The solubility of water in diethyl ether has been reported to be 1.468 % by mass.' Assuming that 23.0 mL of diethyl ether were allowed to become saturated with water before used and that the 1.2 g magnesium was the limiting reagent, what percentage of the product is expected to be lost due to the water in the solvent if the ether is not anhydrous?

Answer 1

Step-by-step explanation:

As it is given that solubility of water in diethyl ether is 1.468 %. This means that in 100 ml saturated solution water present is 1.468 ml.

Hence, amount of diethyl ether present will be calculated as follows.

(100ml - 1.468 ml)

= 98.532 ml

So, it means that 98.532 ml of diethyl ether can dissolve 1.468 ml of water.

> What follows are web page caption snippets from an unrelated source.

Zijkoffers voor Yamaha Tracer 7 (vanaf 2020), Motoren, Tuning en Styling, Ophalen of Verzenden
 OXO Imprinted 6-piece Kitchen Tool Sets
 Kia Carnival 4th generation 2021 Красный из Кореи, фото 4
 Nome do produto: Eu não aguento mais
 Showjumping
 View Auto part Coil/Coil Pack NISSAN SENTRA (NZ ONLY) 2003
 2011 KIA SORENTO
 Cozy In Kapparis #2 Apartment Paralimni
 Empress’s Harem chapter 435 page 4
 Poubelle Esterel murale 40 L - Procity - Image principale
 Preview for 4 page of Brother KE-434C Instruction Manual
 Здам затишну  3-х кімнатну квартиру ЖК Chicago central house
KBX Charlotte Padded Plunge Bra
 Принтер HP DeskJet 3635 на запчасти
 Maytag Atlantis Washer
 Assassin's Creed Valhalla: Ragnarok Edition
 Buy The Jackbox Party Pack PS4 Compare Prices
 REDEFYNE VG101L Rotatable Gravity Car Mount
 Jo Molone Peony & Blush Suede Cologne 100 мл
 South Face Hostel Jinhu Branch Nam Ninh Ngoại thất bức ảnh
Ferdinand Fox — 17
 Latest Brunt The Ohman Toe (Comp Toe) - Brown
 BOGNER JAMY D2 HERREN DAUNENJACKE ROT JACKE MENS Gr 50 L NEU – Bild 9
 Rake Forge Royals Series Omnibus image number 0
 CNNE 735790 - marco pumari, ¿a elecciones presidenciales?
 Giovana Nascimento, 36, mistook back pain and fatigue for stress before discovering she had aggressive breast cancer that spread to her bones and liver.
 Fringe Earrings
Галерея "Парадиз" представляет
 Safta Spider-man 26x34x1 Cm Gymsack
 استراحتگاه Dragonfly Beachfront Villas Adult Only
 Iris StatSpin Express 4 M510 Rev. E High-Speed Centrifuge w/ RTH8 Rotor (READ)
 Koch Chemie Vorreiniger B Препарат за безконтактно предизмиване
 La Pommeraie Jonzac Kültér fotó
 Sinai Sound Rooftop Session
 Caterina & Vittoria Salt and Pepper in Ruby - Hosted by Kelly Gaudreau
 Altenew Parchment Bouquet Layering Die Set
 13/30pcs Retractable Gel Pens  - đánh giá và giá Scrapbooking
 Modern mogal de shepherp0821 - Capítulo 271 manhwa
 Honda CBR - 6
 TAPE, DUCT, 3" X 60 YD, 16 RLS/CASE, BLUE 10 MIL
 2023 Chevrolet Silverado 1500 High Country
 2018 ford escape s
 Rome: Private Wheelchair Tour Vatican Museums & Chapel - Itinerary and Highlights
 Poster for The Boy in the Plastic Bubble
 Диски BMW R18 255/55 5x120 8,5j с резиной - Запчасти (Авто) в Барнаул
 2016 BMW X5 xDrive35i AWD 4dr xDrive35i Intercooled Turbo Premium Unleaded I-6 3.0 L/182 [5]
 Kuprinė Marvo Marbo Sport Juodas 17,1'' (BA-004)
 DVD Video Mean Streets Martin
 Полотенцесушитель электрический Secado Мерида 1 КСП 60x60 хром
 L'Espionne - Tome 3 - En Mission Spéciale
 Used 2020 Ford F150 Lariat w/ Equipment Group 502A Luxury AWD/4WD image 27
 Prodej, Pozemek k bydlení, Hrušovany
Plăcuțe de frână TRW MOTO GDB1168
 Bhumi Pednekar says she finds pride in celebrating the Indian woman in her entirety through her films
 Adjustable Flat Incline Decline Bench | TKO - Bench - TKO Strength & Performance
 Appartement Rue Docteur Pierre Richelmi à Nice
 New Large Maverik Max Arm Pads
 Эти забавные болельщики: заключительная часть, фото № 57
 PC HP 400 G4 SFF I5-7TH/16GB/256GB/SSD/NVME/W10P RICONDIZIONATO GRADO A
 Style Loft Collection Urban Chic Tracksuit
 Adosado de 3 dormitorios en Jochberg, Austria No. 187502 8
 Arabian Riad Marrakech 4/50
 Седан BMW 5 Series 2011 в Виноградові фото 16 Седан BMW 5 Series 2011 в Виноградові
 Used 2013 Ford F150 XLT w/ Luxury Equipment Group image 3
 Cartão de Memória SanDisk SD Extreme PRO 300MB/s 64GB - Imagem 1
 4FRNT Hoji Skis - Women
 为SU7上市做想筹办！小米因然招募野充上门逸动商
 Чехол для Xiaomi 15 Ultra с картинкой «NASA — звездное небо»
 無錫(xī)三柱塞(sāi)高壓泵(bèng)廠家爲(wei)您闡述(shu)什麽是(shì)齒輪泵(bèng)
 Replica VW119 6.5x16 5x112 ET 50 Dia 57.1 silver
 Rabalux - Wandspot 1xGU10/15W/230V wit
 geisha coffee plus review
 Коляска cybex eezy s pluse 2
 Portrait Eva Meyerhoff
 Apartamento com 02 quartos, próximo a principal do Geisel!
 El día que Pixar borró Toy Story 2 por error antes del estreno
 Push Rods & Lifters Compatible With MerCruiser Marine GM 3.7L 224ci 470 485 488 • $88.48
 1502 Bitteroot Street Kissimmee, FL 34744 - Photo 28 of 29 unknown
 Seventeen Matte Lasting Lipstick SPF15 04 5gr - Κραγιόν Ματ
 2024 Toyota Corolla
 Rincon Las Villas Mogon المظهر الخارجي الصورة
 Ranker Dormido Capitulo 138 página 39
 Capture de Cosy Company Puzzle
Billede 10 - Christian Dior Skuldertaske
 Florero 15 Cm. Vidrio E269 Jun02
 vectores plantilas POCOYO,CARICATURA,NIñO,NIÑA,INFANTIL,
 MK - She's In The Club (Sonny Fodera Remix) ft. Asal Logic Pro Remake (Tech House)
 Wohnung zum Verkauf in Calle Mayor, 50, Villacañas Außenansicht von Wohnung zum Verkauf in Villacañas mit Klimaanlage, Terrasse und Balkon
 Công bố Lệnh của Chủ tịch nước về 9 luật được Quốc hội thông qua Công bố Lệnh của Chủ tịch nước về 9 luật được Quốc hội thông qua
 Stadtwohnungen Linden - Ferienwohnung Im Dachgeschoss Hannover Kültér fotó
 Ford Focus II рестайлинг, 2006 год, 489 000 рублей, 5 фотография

Hence, 23 ml of diethyl ether can dissolve the amount of water will be calculated as follows.

Amount of water =
`(1.468 ml * 23 ml)/(98.532 ml)`

= 0.3427 ml

Now, when magnesium dissolves in water then the reaction will be as follows.

`Mg + H_(2)O \rightarrow Mg(OH)_(2)`

Molar mass of Mg = 24.305 g

Molar mass of
`H_(2)O` = 18 g

Therefore, amount of magnesium present in 0.3427 ml of water is calculated as follows.

Amount of Mg =
`(24.305 g * 0.3427 ml)/(18 g)`

= 0.462 g